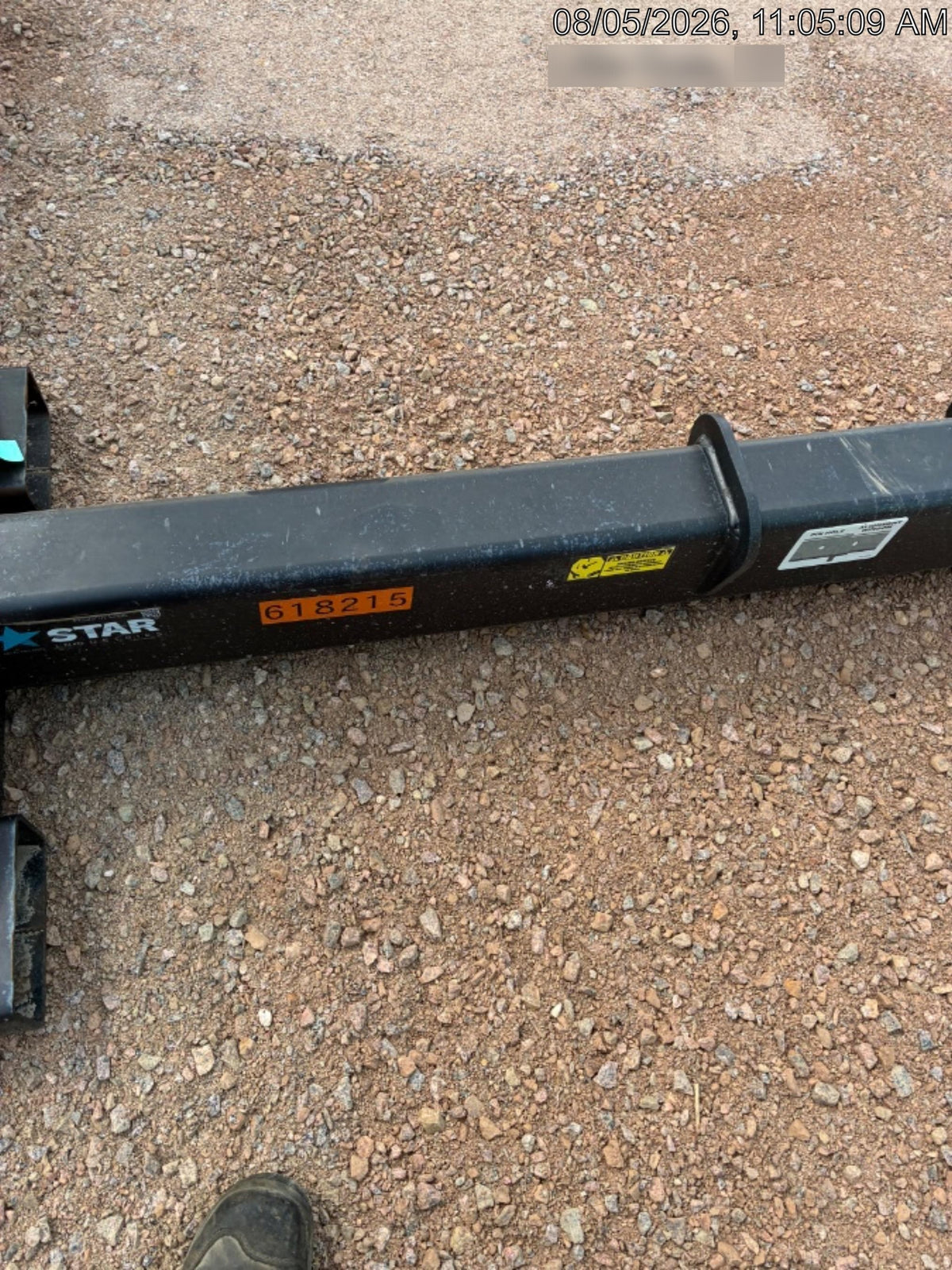 2025 STAR INDUSTRIES M1360B - Star JIB Boom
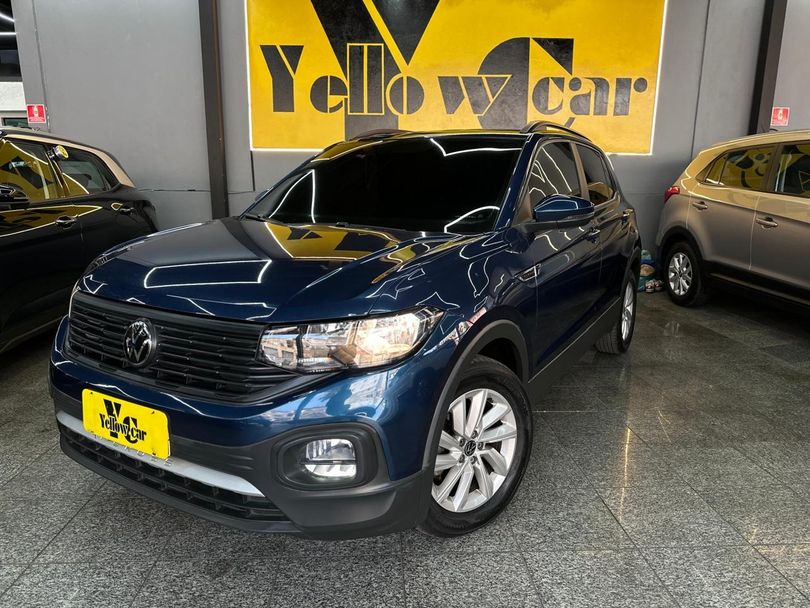 VolksWagen T-Cross 200 TSI 1.0  Flex 12V 5p Aut.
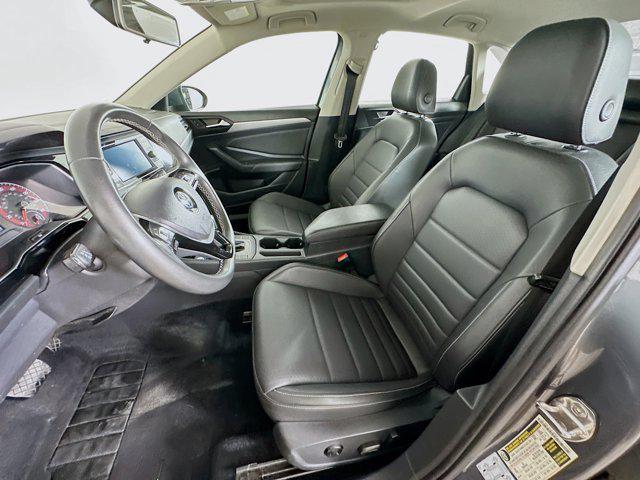 used 2021 Volkswagen Jetta car, priced at $15,397
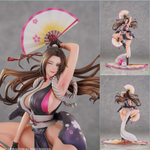 Mai Shiranui x Paint Artist MA-MAN Mai Shiranui by  MAGI ARTS 6976539772623 ToyCoin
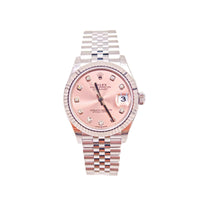Rolex Datejust 31 Pink Diamond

══════════

Excluding the pictures, retype the line containing "used 2021 Volkswagen" and all lines after it down to the end of the data above.

 used 2021 Volkswagen Jetta car, priced at $15,397
 Mai Shiranui x Paint Artist MA-MAN Mai Shiranui by  MAGI ARTS 6976539772623 ToyCoin
Rolex Datejust 31 Pink Diamond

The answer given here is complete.